Toilet paper for smartphones? The Japanese already use it!

And as J-AX sang last summer ... "the iphone has taken the place of a part of the body and in fact is competing to see who has it bigger" and ... from today in Japan even cleaner!

It was evident that the iPhone had long since become a part of the body, but who could have imagined that soon it would have the privilege of a roll of ad hoc toilet paper ?!

Well yes! The first toilet paper rolls for smartphones were recently installed in the bathrooms of Narita International Airport, near Tokyo, Japan, as a marketing initiative of the telephone operator NTT Docomo, famous for the first emojis.

These mini rolls to clean smartphone screens have been placed next to standard toilet paper and show in English, as well as a welcome message to Japan, not only the instructions for use, which recommend cleaning the device often, but also the indications to access the WI-FI network inside the airport.

This news will surely make you smile and to many it will seem a somewhat bizarre publicity stunt but, once again, Japan must be given its merits.

The advertising creators of this campaign explained that the initiative was born in response to the disturbing results that emerged from various scientific studies that reveal the presence on the 80% smartphone of the most common human bacteria, a percentage even higher, by as much as 5 times, than that detected by a toilet seat.

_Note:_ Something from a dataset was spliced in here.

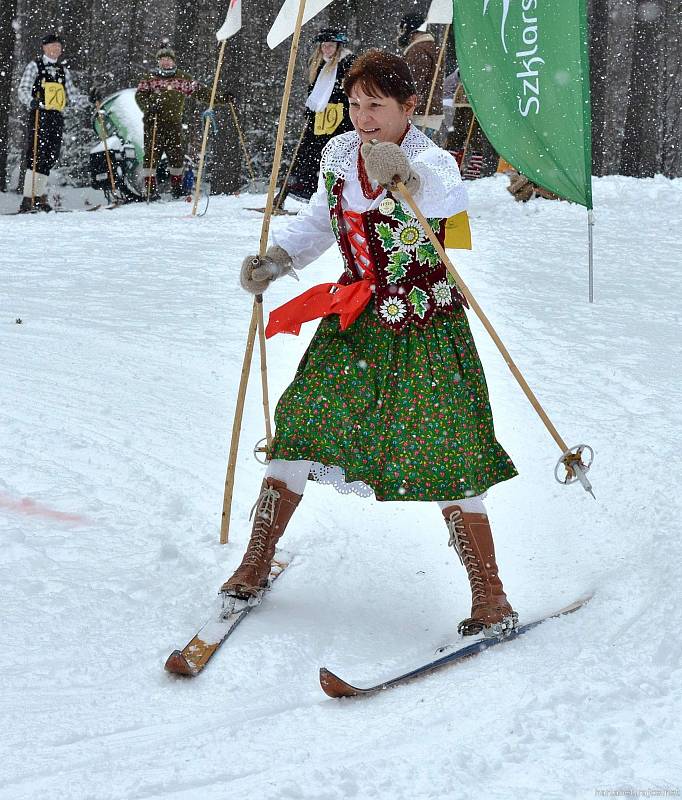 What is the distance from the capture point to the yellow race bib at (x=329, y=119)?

In short, the smartphone as well as being the most used device in the world, is also the most "dirty" device, a receptacle for microbes and bacteria.

What the creators of this advertising campaign are hoping for is that frequent screen cleaning of germs becomes a good habit.

But why were these mini rolls placed right in the toilet cubicles?

The statistics showed that smartphones are touched, on average, about 150 times during the day, even in the most intimate moments, such as while sitting on the toilet in the bathroom, to text, make calls or play.

In these situations, cleaning the display of your device would be good practice.

After all, what is the point of trying to open the doors of public toilets by pressing your elbow on the handle if you then pick up your smartphone without any hesitation ?!

This technological and educational reinterpretation of toilet paper seems to have been liked and appreciated by many tourists in Japan.

Whether this operation will cross the borders of Japan we do not know yet, what is certain is that it is enjoying strong international visibility and that some other company will probably use this extravagant idea as a means of advertising.